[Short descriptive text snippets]
-.-.-
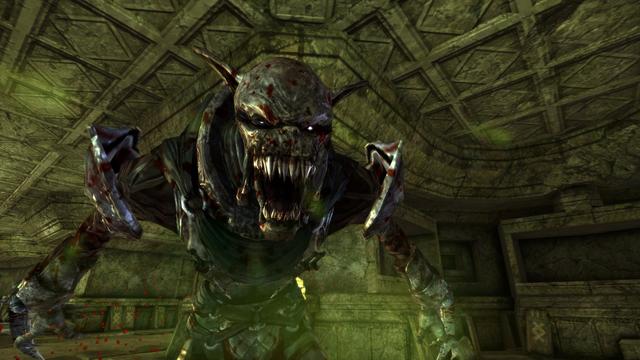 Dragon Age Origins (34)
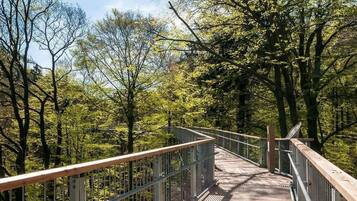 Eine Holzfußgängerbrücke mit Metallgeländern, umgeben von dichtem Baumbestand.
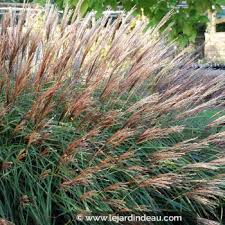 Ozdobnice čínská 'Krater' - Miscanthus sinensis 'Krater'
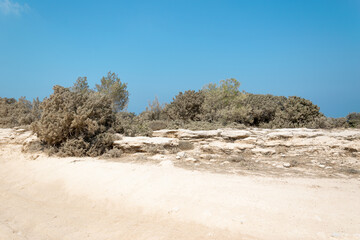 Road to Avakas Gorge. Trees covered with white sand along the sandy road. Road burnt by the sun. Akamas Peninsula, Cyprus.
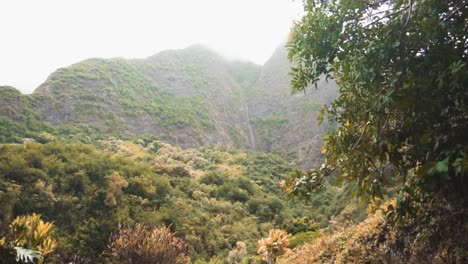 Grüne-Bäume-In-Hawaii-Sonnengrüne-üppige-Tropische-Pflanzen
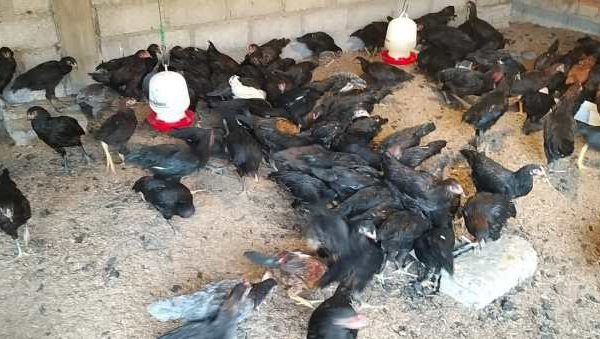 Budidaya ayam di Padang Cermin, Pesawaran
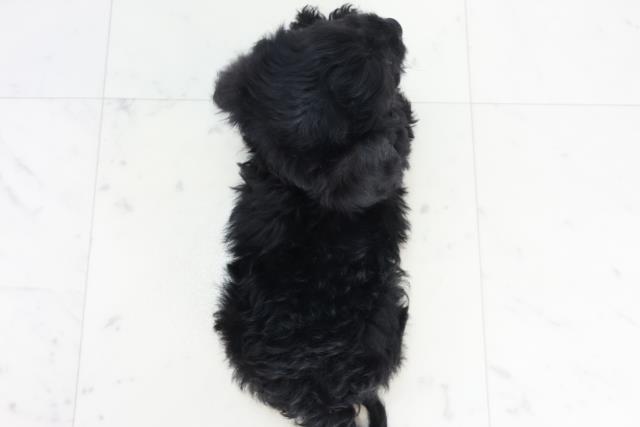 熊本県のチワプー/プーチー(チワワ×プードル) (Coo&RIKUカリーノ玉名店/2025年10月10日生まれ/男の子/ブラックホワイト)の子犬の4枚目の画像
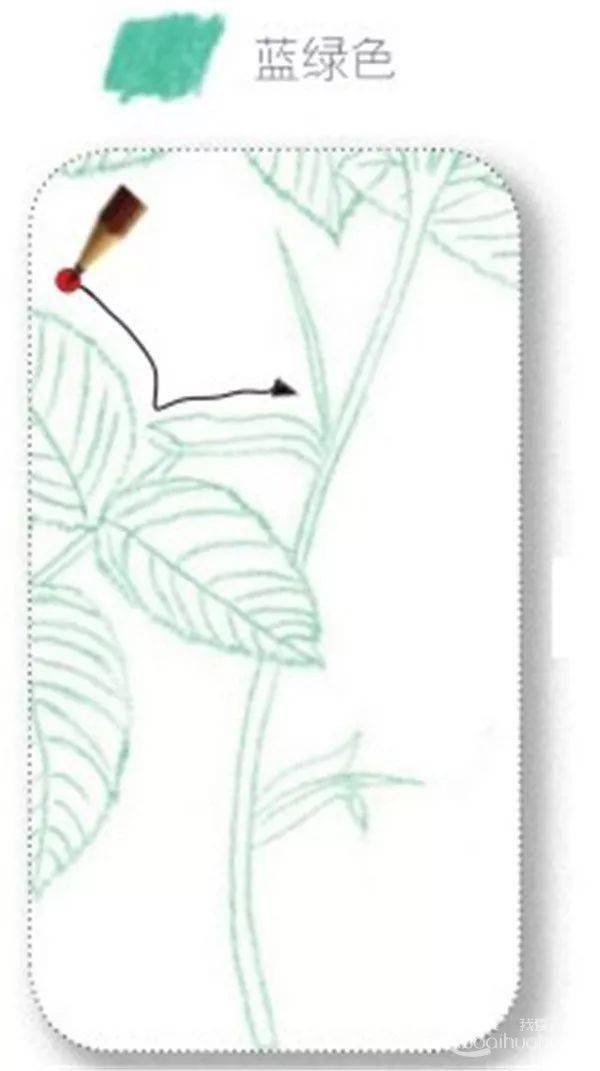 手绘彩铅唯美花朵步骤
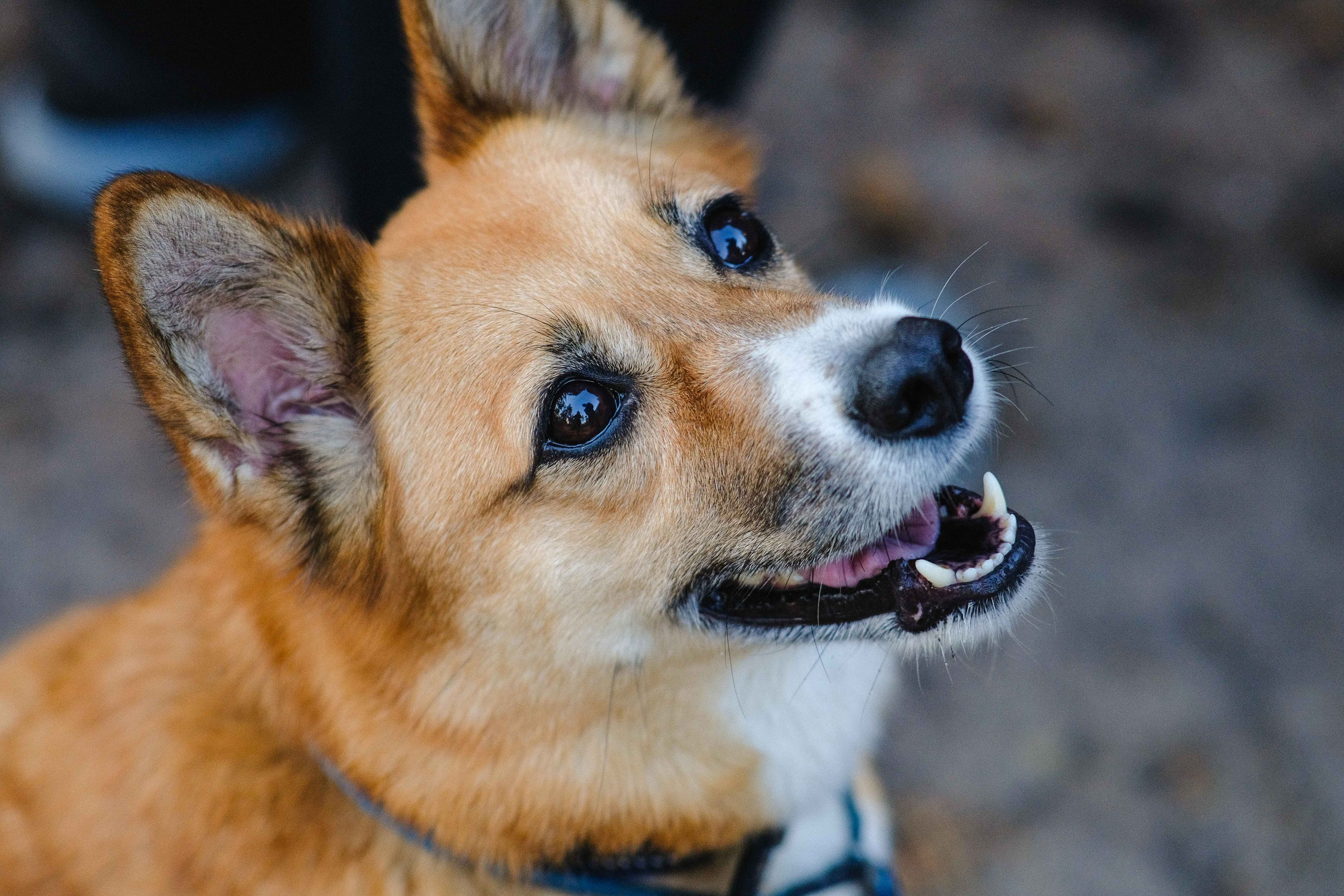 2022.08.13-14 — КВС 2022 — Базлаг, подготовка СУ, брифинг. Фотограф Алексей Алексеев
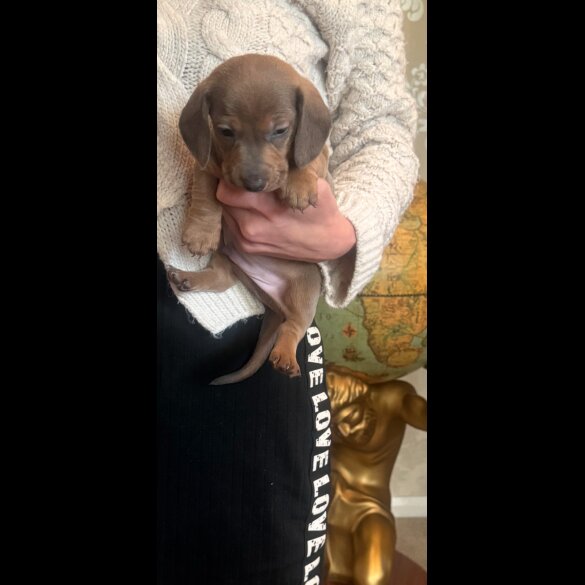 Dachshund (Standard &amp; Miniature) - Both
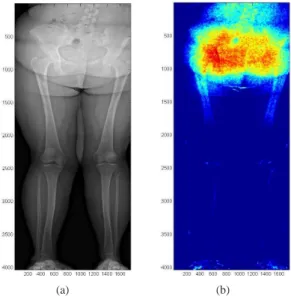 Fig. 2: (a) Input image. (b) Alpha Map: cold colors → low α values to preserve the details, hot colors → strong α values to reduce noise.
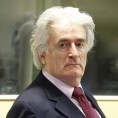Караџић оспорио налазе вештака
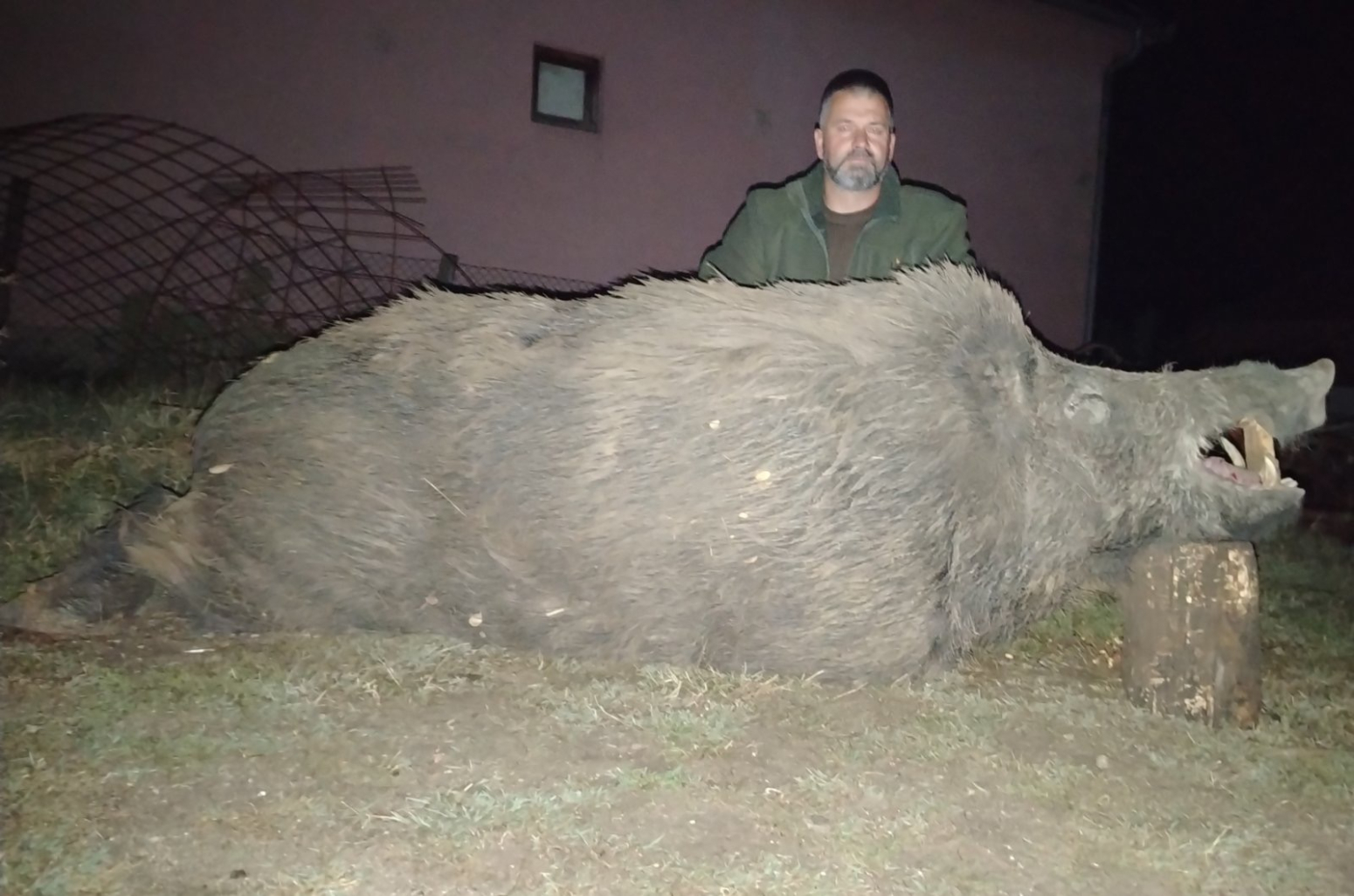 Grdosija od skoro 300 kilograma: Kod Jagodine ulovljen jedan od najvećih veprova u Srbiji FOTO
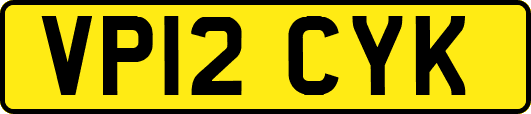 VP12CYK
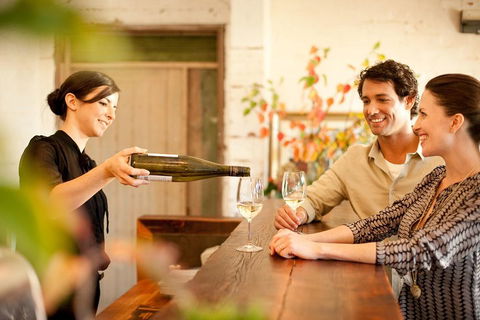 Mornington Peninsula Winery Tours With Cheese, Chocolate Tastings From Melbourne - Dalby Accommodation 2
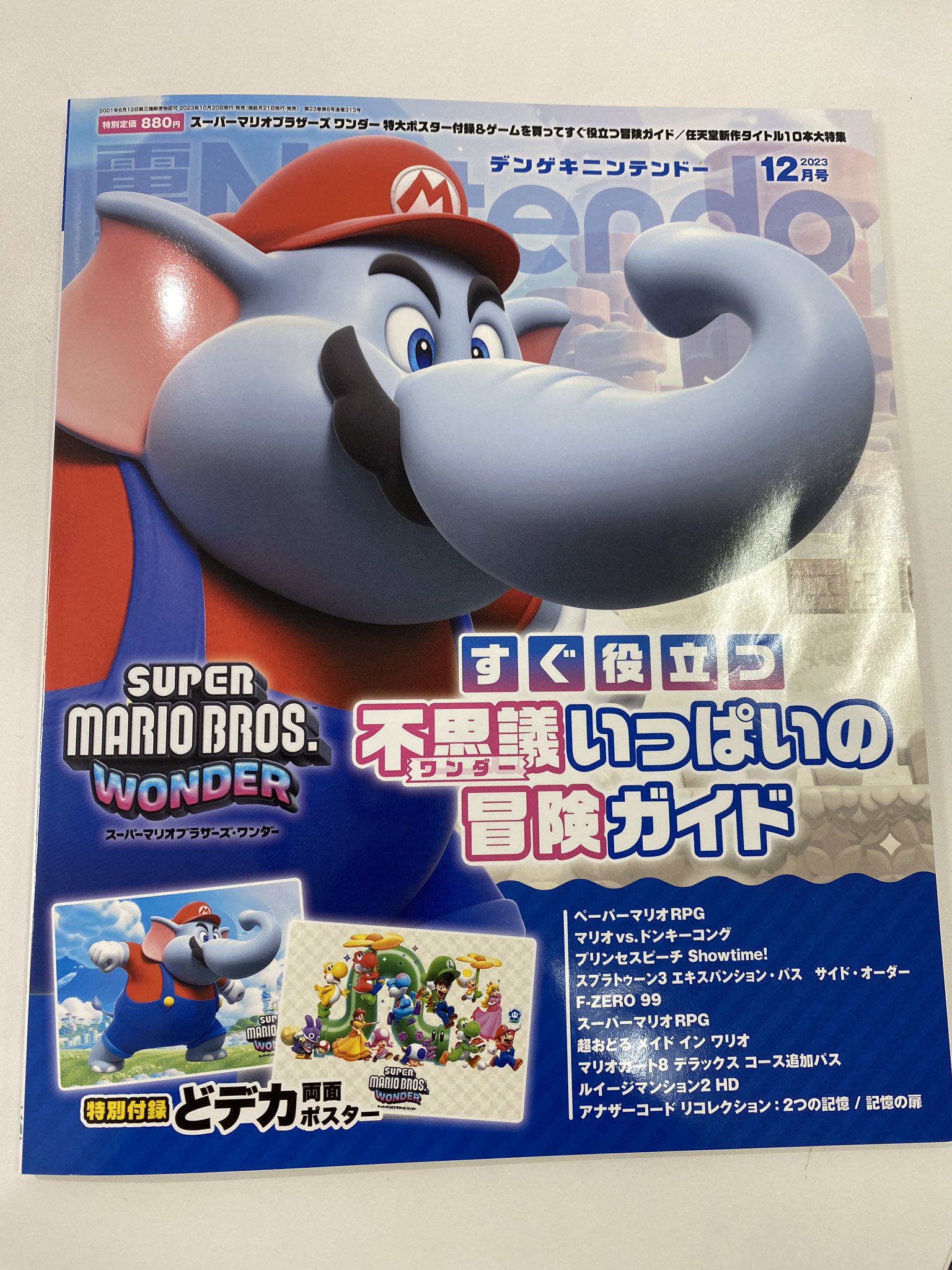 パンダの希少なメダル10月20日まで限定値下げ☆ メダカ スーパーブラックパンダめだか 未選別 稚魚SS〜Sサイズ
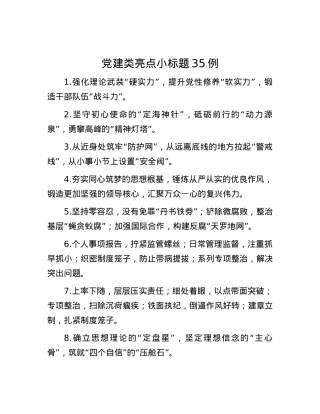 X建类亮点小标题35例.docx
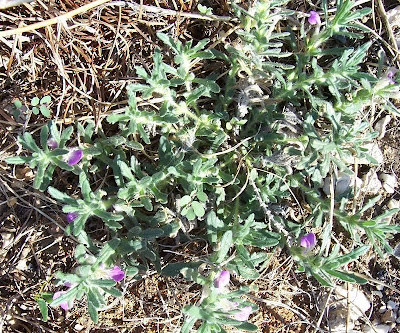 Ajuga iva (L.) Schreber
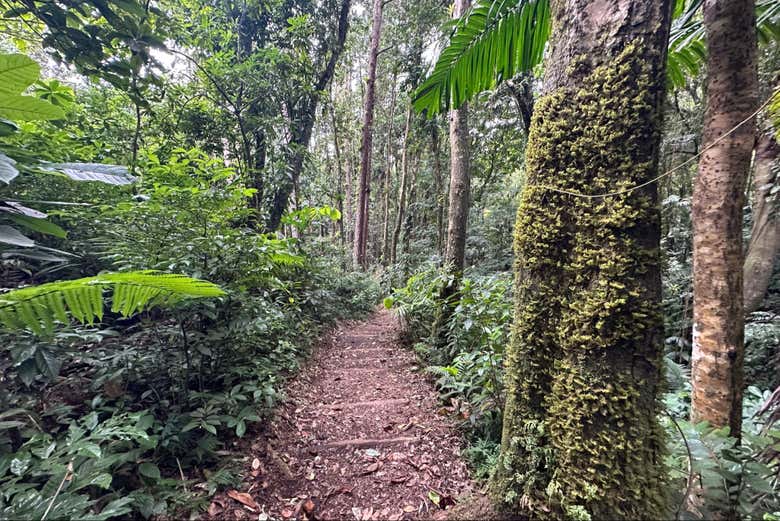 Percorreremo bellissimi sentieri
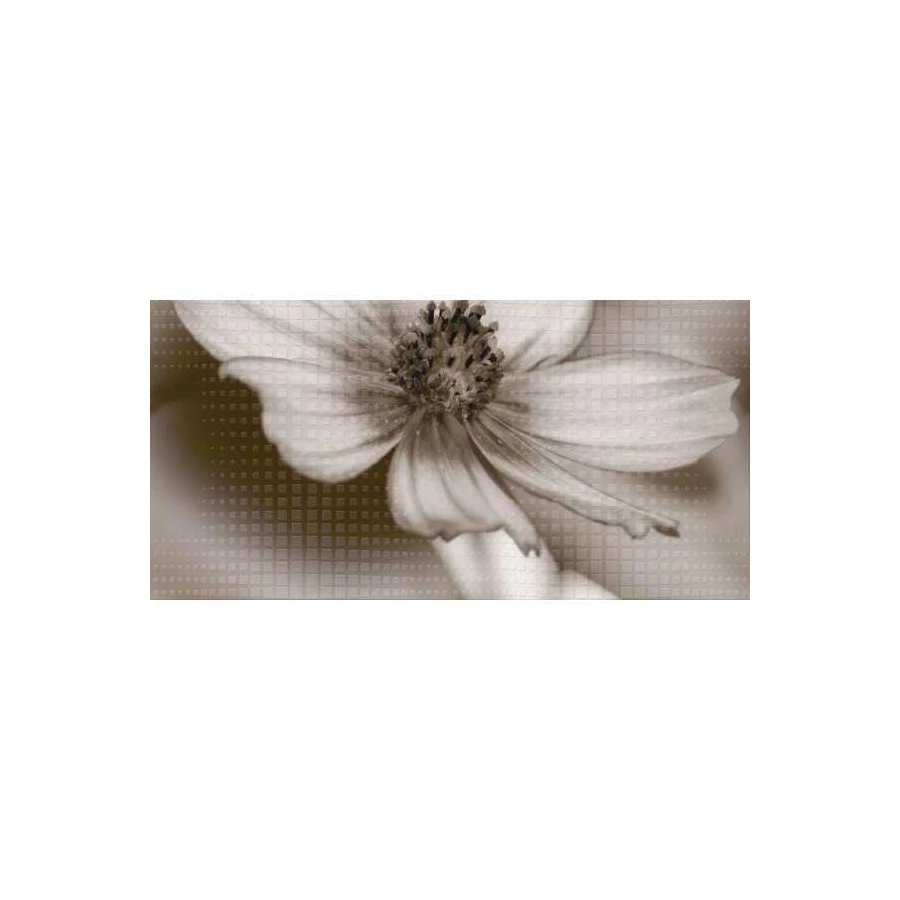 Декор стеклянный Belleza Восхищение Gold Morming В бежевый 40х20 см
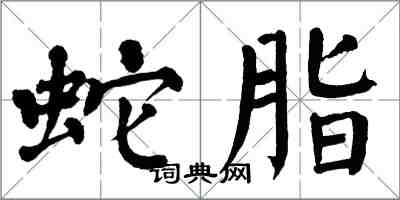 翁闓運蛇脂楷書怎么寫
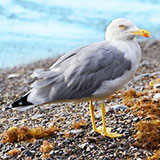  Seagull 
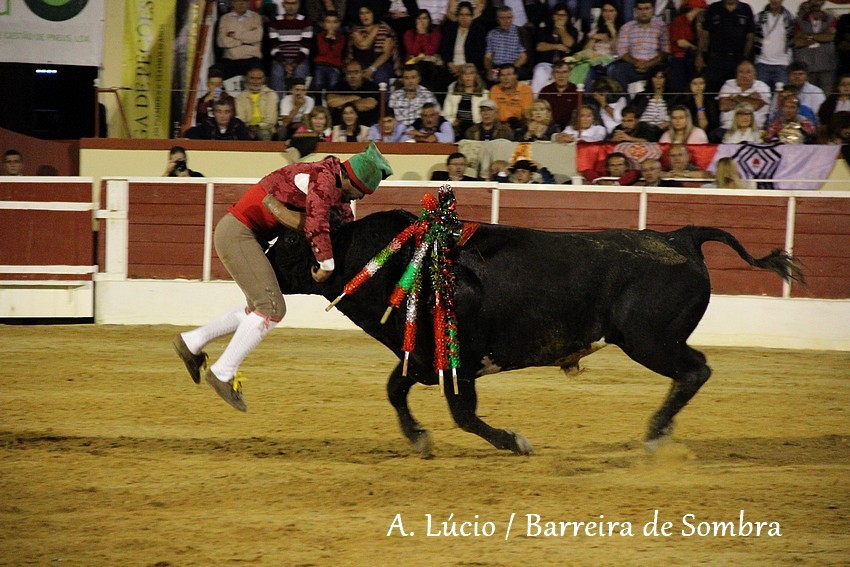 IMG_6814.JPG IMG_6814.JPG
-.-.-
## WHAT TO PRODUCE
All of the data must be given again exactly, without the pictures.

## RESPONSE
 Dragon Age Origins (34)
 Eine Holzfußgängerbrücke mit Metallgeländern, umgeben von dichtem Baumbestand.
 Ozdobnice čínská 'Krater' - Miscanthus sinensis 'Krater'
 Road to Avakas Gorge. Trees covered with white sand along the sandy road. Road burnt by the sun. Akamas Peninsula, Cyprus.
 Grüne-Bäume-In-Hawaii-Sonnengrüne-üppige-Tropische-Pflanzen
 Budidaya ayam di Padang Cermin, Pesawaran
 熊本県のチワプー/プーチー(チワワ×プードル) (Coo&RIKUカリーノ玉名店/2025年10月10日生まれ/男の子/ブラックホワイト)の子犬の4枚目の画像
 手绘彩铅唯美花朵步骤
 2022.08.13-14 — КВС 2022 — Базлаг, подготовка СУ, брифинг. Фотограф Алексей Алексеев
 Dachshund (Standard &amp; Miniature) - Both
 Fig. 2: (a) Input image. (b) Alpha Map: cold colors → low α values to preserve the details, hot colors → strong α values to reduce noise.
Караџић оспорио налазе вештака
 Grdosija od skoro 300 kilograma: Kod Jagodine ulovljen jedan od najvećih veprova u Srbiji FOTO
 VP12CYK
 Mornington Peninsula Winery Tours With Cheese, Chocolate Tastings From Melbourne - Dalby Accommodation 2
 パンダの希少なメダル10月20日まで限定値下げ☆ メダカ スーパーブラックパンダめだか 未選別 稚魚SS〜Sサイズ
 X建类亮点小标题35例.docx
 Ajuga iva (L.) Schreber
 Percorreremo bellissimi sentieri
 Декор стеклянный Belleza Восхищение Gold Morming В бежевый 40х20 см
 翁闓運蛇脂楷書怎么寫
  Seagull 
 IMG_6814.JPG IMG_6814.JPG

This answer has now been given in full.